Content starts

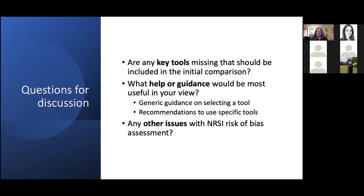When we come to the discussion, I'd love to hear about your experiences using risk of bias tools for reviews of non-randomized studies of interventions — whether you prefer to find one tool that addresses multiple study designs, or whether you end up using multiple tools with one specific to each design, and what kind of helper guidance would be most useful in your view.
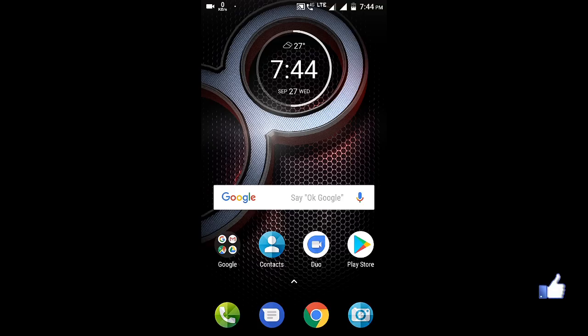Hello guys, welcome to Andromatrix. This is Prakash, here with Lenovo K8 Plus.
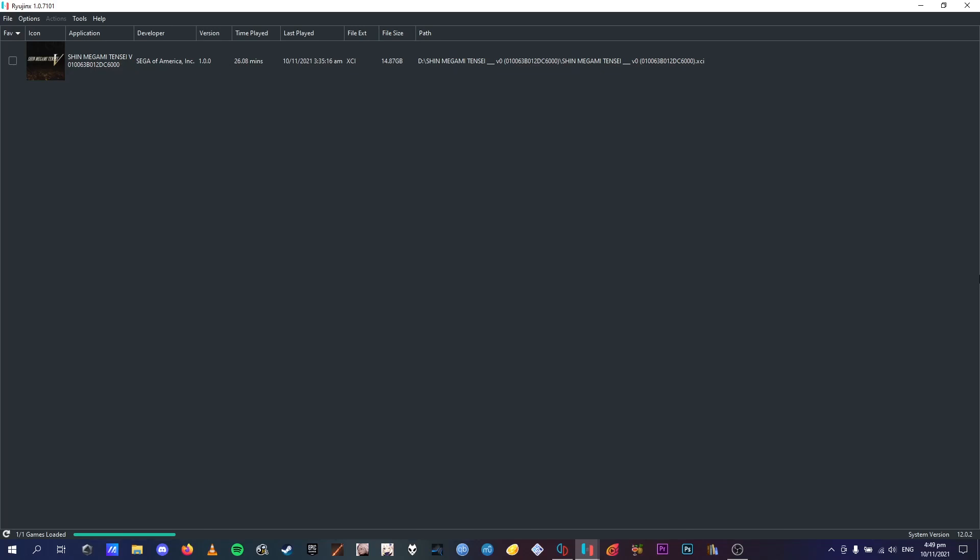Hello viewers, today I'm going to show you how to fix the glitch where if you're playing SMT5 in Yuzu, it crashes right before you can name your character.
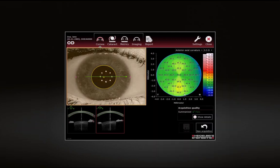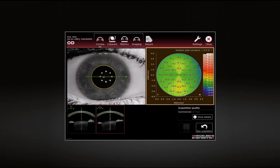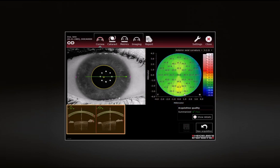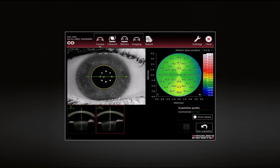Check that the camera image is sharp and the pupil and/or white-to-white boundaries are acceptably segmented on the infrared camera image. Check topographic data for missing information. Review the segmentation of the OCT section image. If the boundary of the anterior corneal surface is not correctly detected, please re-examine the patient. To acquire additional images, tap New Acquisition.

Content ends

Transcribe the opening line of the listing above, please, and every line after it through the line with "Hello guys, welcome", word for word, without pictures.

Result for this exercise |
When we come to the discussion, I'd love to hear about your experiences using risk of bias tools for reviews of non-randomized studies of interventions — whether you prefer to find one tool that addresses multiple study designs, or whether you end up using multiple tools with one specific to each design, and what kind of helper guidance would be most useful in your view.
Hello guys, welcome to Andromatrix. This is Prakash, here with Lenovo K8 Plus.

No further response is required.